Il pensiero di Croce, afferma Postorino, è un’autosintesi originaria. Laddove le realizzazioni storiche, siano esse di natura estetica, politica, morale o puramente filosofica, non trionfano sul negativo, restano al di qua della sintesi e, letteralmente, non sono. Nella sfera etica, l’uomo è libero solo quando vuole l’Intero. La Realtà è l’Universale e l’individuo è reale in quanto è insieme universale. Gli individui sono operai che lavorano per il Tutto e lo possono fare solo in un modo: raccogliendo in sé “il farsi delle opere contenute nelle altre forme”. Quali sono gli effetti, sul singolo, di questa prescrizione crociana, in cui “la storia e lo spirito si identificano in materia simmetrica”? Quasi di alienazione e straniamento, suggerisce Postorino, un risultato sorprendente se si pensa allo status di Croce, filosofo par excellence del liberalismo: “questo divenire non è la storia che sentiamo scorrere nelle nostre vene e che si consolida come scena spettacolare davanti ai nostri occhi. La sua sintesi a priori è la sintesi degli opposti. Essa anticipa le continue vittorie della ‘storia ideale eterna’, con i suoi quattro valori, a scapito della storia concreta, la storia dell’oggi, una situazione che accade sul serio, e che non sempre risulta bella, buona o vera, non sempre è intimamente spirituale”. Se il male non è nella storia, dove altro potrebbe essere?
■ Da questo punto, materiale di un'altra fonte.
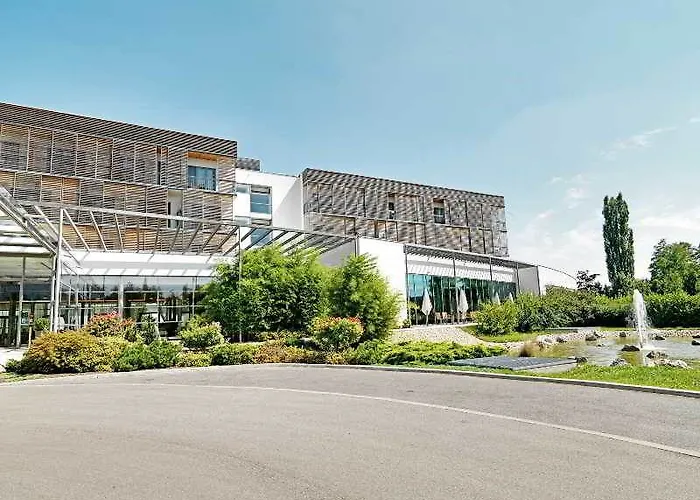 ホテル Therme Laa Silent 4*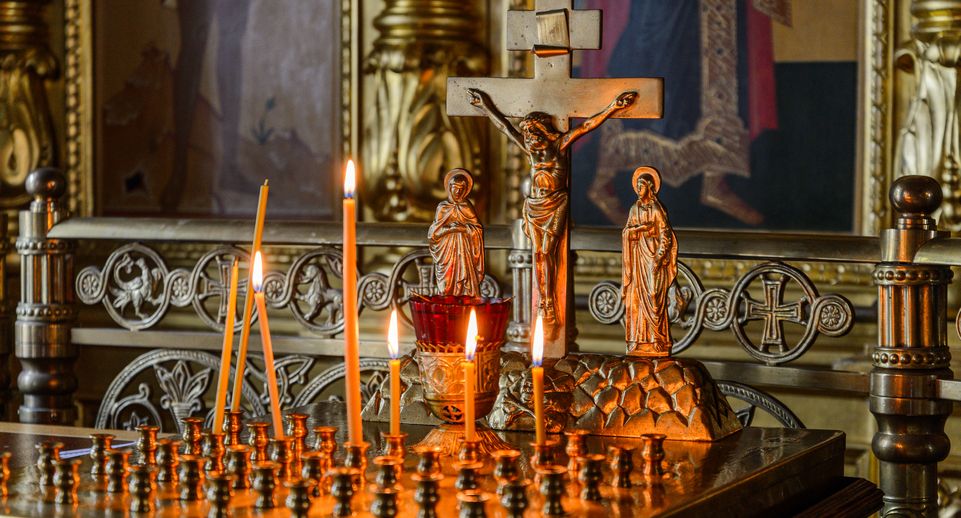 Священник Савастьянов: схождение Благодатного огня не приведет к концу света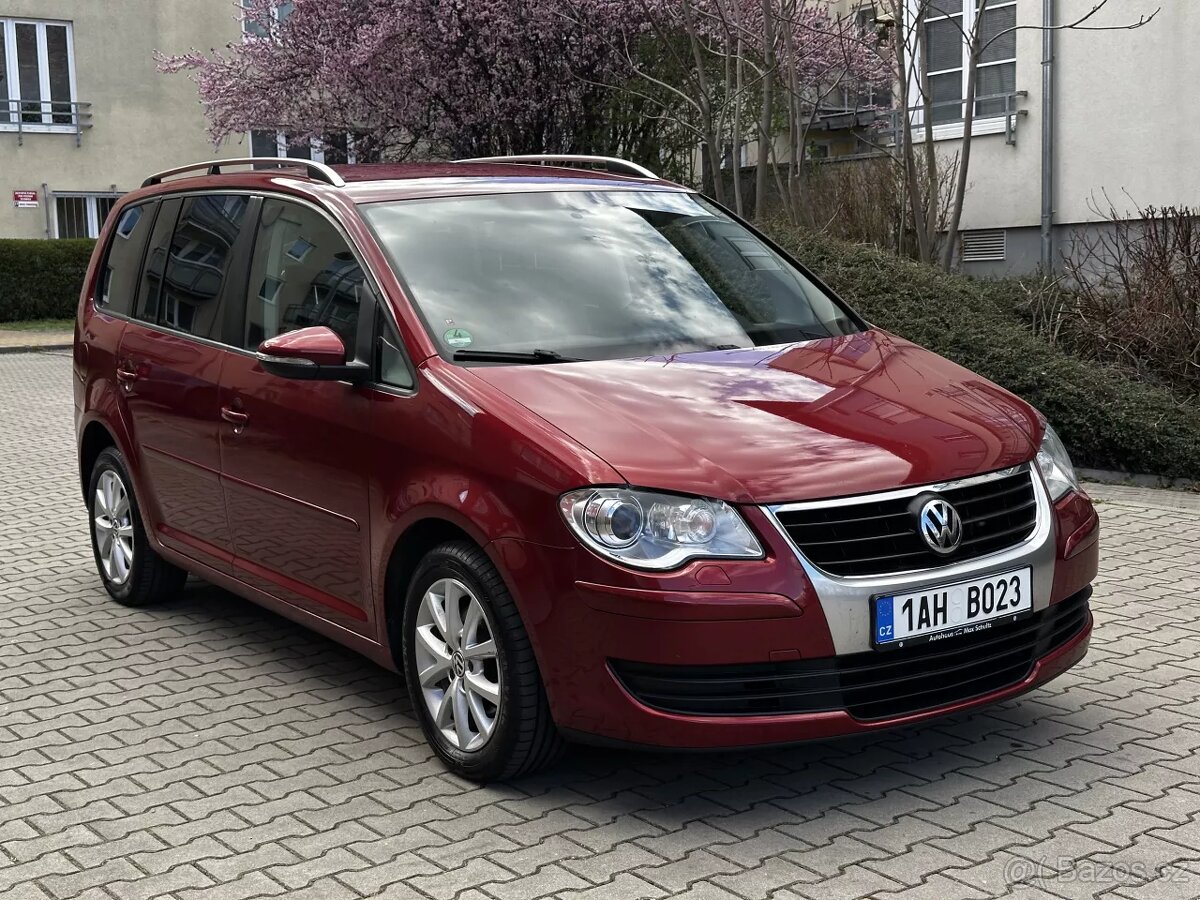 Volkswagen Touran 1.4 TSI 103kW Freestyle Navi Xenony 7 míst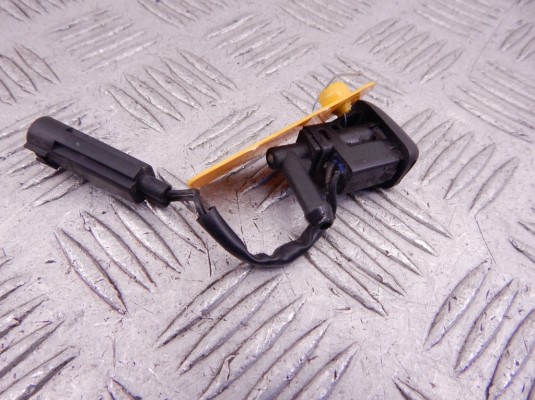 Форсунка омывателя BMW 1-series (E87) 61 66 7 110 851 Форсунка омывателя BMW 1-series (E87) 61 66 7 110 851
Ogni fatto politico, secondo una disposizione filosofica storicistica, trova la sua ragion d’essere, la sua concretezza, nella convergenza tra Universale e particolare (accadimento reale). Non sarebbero accettabili, poiché assorbiti nella categoria dello pseudoconcetto, giudizi di valore improntati all’equità, al bisogno di democrazia o ad istanze egualitarie, nell’impostazione crociana semplici finzioni fuori dalla Storia, “sostegno pragmatico alle opere dello spirito”. Emblematico il confronto tra il filosofo di Pescasseroli e l’Illuminismo: “la Coscienza raggiunge un livello più maturo soltanto quando scopre che il senso normativo, intenzionato a racchiudere i suoi pur nobili richiami, non può trionfare sull’imperativo del reale, e così si rende conto che non può piegarsi al vangelo dei giacobini. La Coscienza diviene ‘etica’ quando irrompe la verità di un ‘universale concreto’ che non ammette il dislivello tra il Sein e quel Sollen enfatizzato dal pensiero illuminista”. Così, un asse cardinale del pensiero progressista come l’eguaglianza decade, in Croce, a banale servitù del concetto di giustizia. In altre parole, innalzare il valore dell’egualitarismo o principi come la liberazione delle masse o l’emancipazione del proletariato al rango di necessità ideali costituirebbe un cedimento della ragione “a quel comodo irreale che accetta la sua estraneità dal vitale o dalle articolazioni dello spirito”, un errore dovuto ad arroganza ideologica o all’incapacità di cogliere il vero accadere nel tessuto sintetico della storia.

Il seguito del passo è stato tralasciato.